- Directed by: Jo Ingabire Moys;
- Written by: Jo Ingabire Moys;
- Screenplay by: Jo Ingabire Moys
- Produced by: Jo Ingabire Moys;
- Starring: Ery Nzaramba; Roger Ineza; Aboudou Issam; Eliane Umuhire;
- Production companies: White Boat Pictures; Full Dawa Production; Kibibi Productions;
- Release date: March 4, 2022 (France);
- Running time: 25 minutes
- Country: France
- Language: Kinyarwanda

= Bazigaga =

Historical genocide film by Jo Ingabire Moys

Bazigaga is a 2022 short French historical genocide film written and directed by Jo Ingabire Moys. Co-produced by Verbinski with Graham King and John B. Carls, the film stars Eliane Umuhire.

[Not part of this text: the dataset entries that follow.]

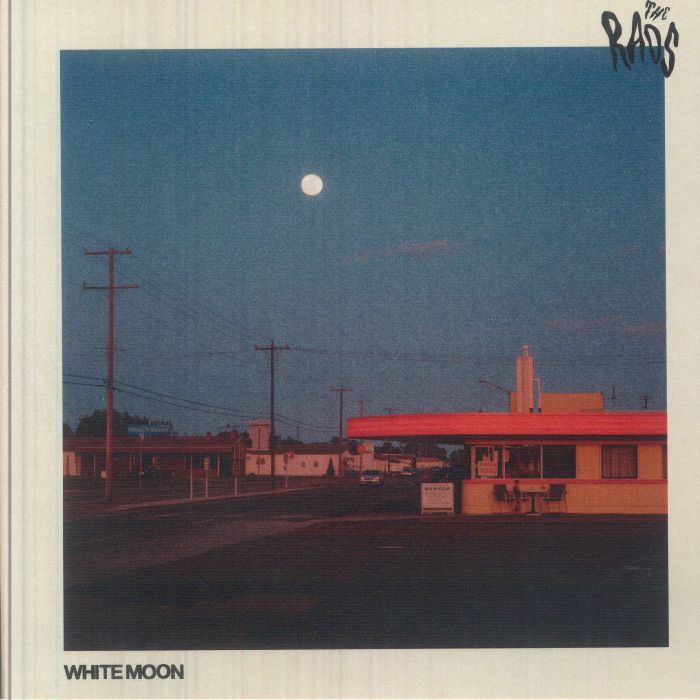 RADS, The - White Moon vinyl sleeve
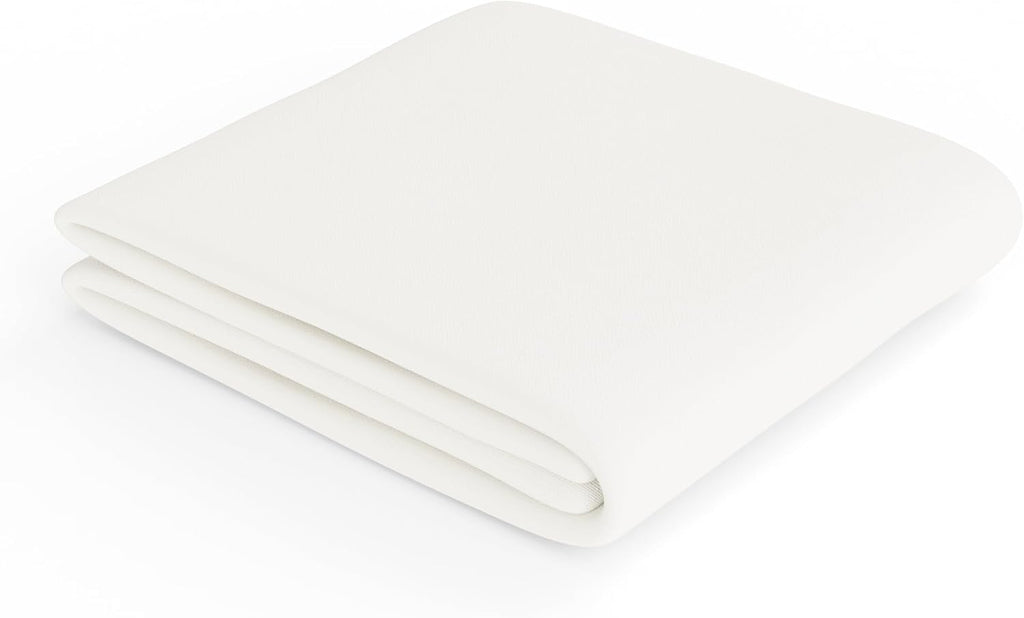 Bedding Soft Microfibre Super King Fitted Sheet with 12 inch (30 cm) Deep Pocket, 180 x 200 cm, Cream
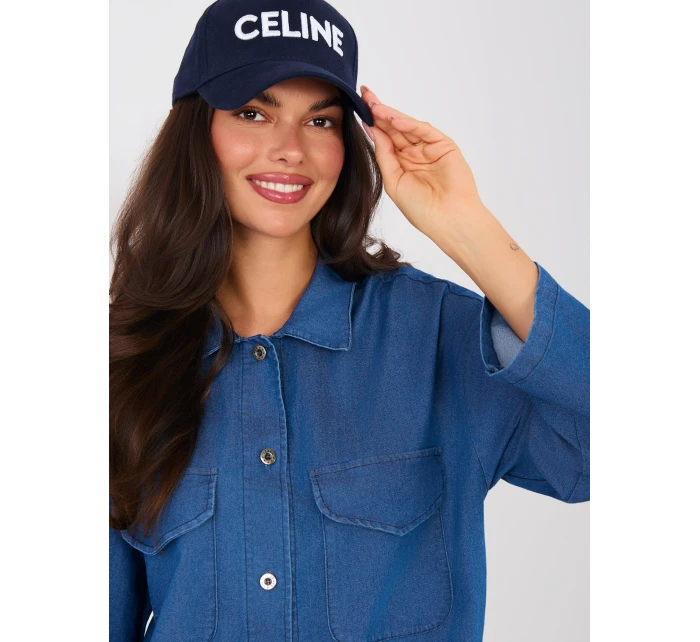 IT SK šaty L6071.93 modré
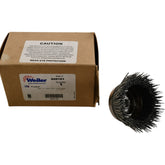 NEW Weiler S09161 3'' Wire Wheel Brush QUC-22 .040/120 3/8''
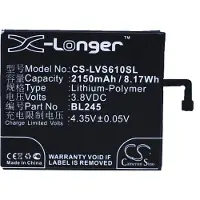 24hShop Batteri for SmartPhone, Mobil for Lenovo S60, S60-t, S60-w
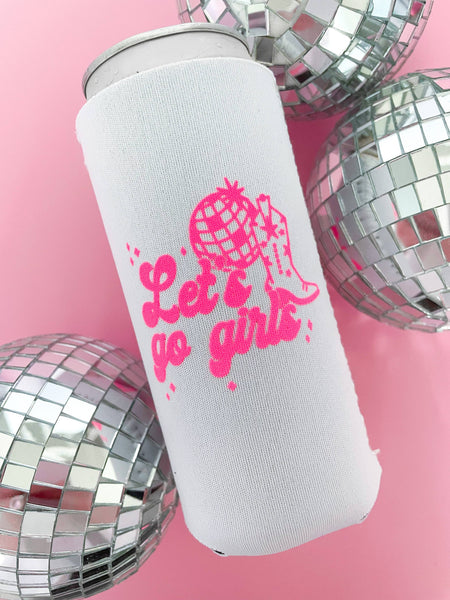 Let's Go Girls Koozie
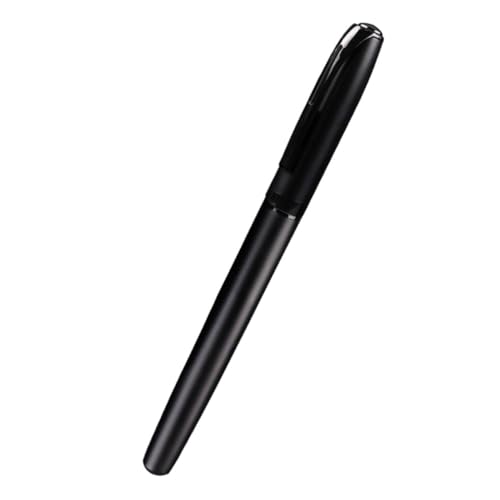 Holibanna Füllfederhalter mit Kolbenfüllung Eleganter Schreibstift für Kalligraphie Hochwertiges Metall für und Professionelle Anwendungen Langlebig von Holibanna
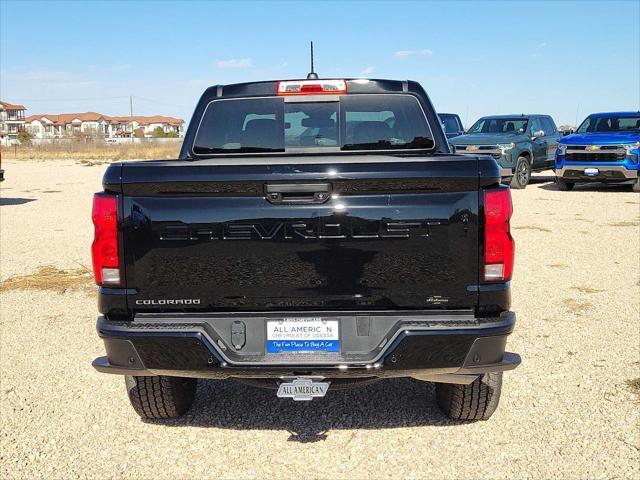 new 2025 Chevrolet Colorado car, priced at $45,395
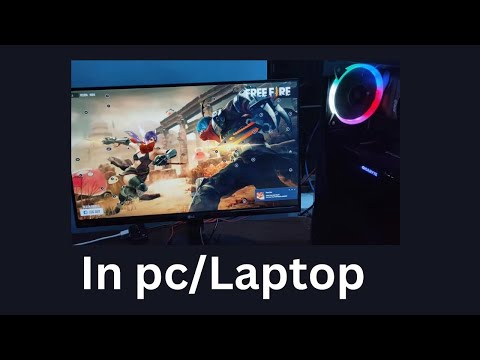 How to install free fire in laptop/pc #freefire ree  free fire ko pc main kese khele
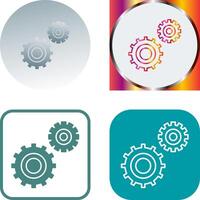 Setting Icon Design vector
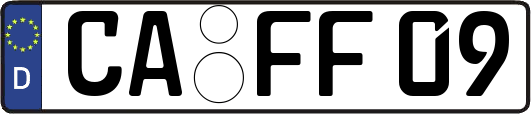 CA-FF09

The film was a BAFTA Award for Best Short Film nominee in the 76th British Academy Film Awards.

== Summary ==
The film is based on true events, that tells the story of a young pastor "Karembe" (Ery Nzaramba) who must seek shelter with his daughter from the Hutu militia who would kill them both. To survive, they take refuge in the home of the eponymous and still feared local shaman (a powerfully engaging performance from Eliane Umuhire).